This volume explores the influence of Nietzsche’s thought in the works of Ernst Jünger, focusing on the essay Der Arbeiter: Herrschaft und Gestalt (The Worker: Dominion and Form) published in 1932 (English translation Northwestern University Press, 2017). Jünger’s
text occupies a special place in his own oeuvre, but is not an exception in
terms of its questions and problems within the broader context of the first
part of the Twentieth Century and the heritage of the Nineteenth. This volume will situate Jünger’s text in
two ways. First, it will outline the
context of the debates in the Nineteenth Century. At the core of these debates
lie questions that have not ceased to be essential preoccupations ever since. Secondly, it will outline the debates about work itself and its relationship to
the ‘humanity of the human’ taking place in Europe, especially in Germany, and
the United States, in the decades between the world wars. The modern formulation of the problem of work
(whether it fundamentally humanizes or alienates, secures or endangers, modern
man and woman, in an increasingly secularised understanding of production and
existence) became the central theme of political, social and economic thinking
in the first part of the Twentieth Century.
It grounded the political programmes and actions of parties and
movements on the Left, the Right, but also at the Centre. Jünger’s text must be read as part of these
debates - and it is in this sense that it continues to speak about the ambiguous relationshiop we have with work today, and perhaps even more emphatically ambiguous now than a century ago.
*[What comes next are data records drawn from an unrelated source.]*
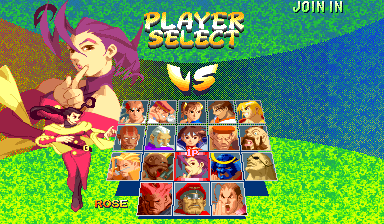 sfa2ur1 title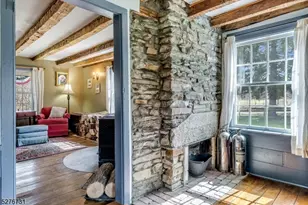 25 Clove Rd, Wantage, NJ 07461 - Photo 17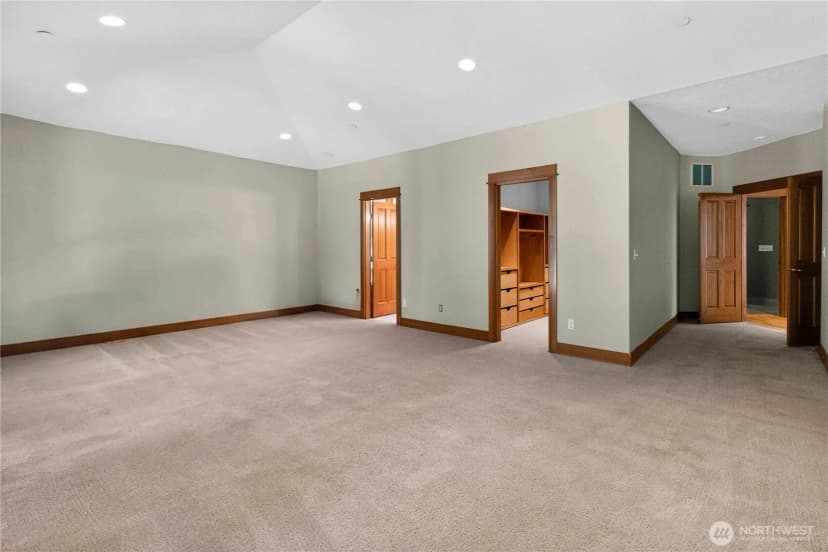 Property photo for 267 Ranch Road, Kelso photo 17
Ernst Jünger (1895-1998) is well-known as one of the greatest memorialists of the First World War – in In Storms of Steel (1919) and Copse 125 (1925). Less well known is that these same texts also contain powerful insights not just into the nature of modern war, but also into the nature of work as the central and defining character of our times. This volume examines Jünger’s 1932 The Worker: Dominion and Form, in which he explores work as the very ground of the most important values of our time: individuality, society, freedom, power, danger, and technology. In Jünger’s work we encounter a Friedrich Nietzsche unknown from the post-war Nietzsche, one whose energy and vision make Jünger’s probing dissection of the Twentieth Century so prescient, because the question of work itself is the one which has never ceased to be the central political, cultural, economic and social problem for our own condition. Jünger shows how no aspect of contemporary existence can be separated from it.